▶ **Work order**: Everything from the line containing "Saturnia - Residential" to the close of the records below should be output exactly, line by line, with no other lines given.

▶ **Supplied material**:

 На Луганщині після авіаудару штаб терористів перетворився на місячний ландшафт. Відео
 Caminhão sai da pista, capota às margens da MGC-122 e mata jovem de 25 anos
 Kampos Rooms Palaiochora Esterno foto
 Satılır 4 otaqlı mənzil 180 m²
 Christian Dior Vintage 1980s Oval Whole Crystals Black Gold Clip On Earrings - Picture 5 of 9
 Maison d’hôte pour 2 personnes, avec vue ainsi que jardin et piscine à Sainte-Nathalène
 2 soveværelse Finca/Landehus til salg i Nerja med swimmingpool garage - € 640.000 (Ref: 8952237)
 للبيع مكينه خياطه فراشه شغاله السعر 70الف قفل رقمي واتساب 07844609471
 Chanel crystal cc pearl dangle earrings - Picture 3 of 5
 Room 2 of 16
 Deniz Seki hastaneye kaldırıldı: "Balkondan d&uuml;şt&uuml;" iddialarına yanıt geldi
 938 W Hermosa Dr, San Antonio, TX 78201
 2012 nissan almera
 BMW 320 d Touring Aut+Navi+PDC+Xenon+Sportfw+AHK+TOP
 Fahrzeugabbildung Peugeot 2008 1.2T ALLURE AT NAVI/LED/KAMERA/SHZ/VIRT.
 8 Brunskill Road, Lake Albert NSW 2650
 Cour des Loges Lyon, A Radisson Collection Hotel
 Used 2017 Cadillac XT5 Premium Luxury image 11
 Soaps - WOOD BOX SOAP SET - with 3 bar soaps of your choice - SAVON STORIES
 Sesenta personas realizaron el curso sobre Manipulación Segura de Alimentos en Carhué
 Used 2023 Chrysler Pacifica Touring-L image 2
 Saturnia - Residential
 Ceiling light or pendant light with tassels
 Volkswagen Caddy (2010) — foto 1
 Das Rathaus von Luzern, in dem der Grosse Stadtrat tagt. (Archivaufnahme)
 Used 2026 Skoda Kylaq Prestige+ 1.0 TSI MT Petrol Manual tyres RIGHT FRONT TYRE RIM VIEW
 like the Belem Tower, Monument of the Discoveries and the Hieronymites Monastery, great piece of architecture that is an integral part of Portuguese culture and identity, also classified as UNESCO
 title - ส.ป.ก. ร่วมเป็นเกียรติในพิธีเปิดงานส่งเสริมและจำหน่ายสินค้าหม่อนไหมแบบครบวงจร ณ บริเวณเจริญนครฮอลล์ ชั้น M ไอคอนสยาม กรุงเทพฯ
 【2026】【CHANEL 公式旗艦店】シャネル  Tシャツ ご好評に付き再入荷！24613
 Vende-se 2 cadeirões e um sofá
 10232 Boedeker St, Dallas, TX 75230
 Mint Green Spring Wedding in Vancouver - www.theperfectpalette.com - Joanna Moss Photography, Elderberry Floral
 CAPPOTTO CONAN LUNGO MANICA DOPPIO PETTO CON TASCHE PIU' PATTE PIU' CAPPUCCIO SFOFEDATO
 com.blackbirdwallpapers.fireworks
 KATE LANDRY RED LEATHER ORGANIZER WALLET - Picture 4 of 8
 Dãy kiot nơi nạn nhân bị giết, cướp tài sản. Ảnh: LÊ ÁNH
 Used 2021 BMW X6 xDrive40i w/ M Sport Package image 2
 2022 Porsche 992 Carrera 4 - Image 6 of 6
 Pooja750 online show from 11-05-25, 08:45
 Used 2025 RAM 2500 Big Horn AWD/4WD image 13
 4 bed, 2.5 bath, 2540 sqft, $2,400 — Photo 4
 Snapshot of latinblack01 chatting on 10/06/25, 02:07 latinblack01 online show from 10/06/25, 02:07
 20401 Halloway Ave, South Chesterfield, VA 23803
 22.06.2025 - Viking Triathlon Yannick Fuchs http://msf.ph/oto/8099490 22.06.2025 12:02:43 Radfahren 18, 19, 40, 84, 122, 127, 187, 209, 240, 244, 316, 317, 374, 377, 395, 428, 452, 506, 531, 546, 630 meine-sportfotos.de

▶ **Answer for this exercise**:
 Saturnia - Residential
 Ceiling light or pendant light with tassels
 Volkswagen Caddy (2010) — foto 1
 Das Rathaus von Luzern, in dem der Grosse Stadtrat tagt. (Archivaufnahme)
 Used 2026 Skoda Kylaq Prestige+ 1.0 TSI MT Petrol Manual tyres RIGHT FRONT TYRE RIM VIEW
 like the Belem Tower, Monument of the Discoveries and the Hieronymites Monastery, great piece of architecture that is an integral part of Portuguese culture and identity, also classified as UNESCO
 title - ส.ป.ก. ร่วมเป็นเกียรติในพิธีเปิดงานส่งเสริมและจำหน่ายสินค้าหม่อนไหมแบบครบวงจร ณ บริเวณเจริญนครฮอลล์ ชั้น M ไอคอนสยาม กรุงเทพฯ
 【2026】【CHANEL 公式旗艦店】シャネル  Tシャツ ご好評に付き再入荷！24613
 Vende-se 2 cadeirões e um sofá
 10232 Boedeker St, Dallas, TX 75230
 Mint Green Spring Wedding in Vancouver - www.theperfectpalette.com - Joanna Moss Photography, Elderberry Floral
 CAPPOTTO CONAN LUNGO MANICA DOPPIO PETTO CON TASCHE PIU' PATTE PIU' CAPPUCCIO SFOFEDATO
 com.blackbirdwallpapers.fireworks
 KATE LANDRY RED LEATHER ORGANIZER WALLET - Picture 4 of 8
 Dãy kiot nơi nạn nhân bị giết, cướp tài sản. Ảnh: LÊ ÁNH
 Used 2021 BMW X6 xDrive40i w/ M Sport Package image 2
 2022 Porsche 992 Carrera 4 - Image 6 of 6
 Pooja750 online show from 11-05-25, 08:45
 Used 2025 RAM 2500 Big Horn AWD/4WD image 13
 4 bed, 2.5 bath, 2540 sqft, $2,400 — Photo 4
 Snapshot of latinblack01 chatting on 10/06/25, 02:07 latinblack01 online show from 10/06/25, 02:07
 20401 Halloway Ave, South Chesterfield, VA 23803
 22.06.2025 - Viking Triathlon Yannick Fuchs http://msf.ph/oto/8099490 22.06.2025 12:02:43 Radfahren 18, 19, 40, 84, 122, 127, 187, 209, 240, 244, 316, 317, 374, 377, 395, 428, 452, 506, 531, 546, 630 meine-sportfotos.de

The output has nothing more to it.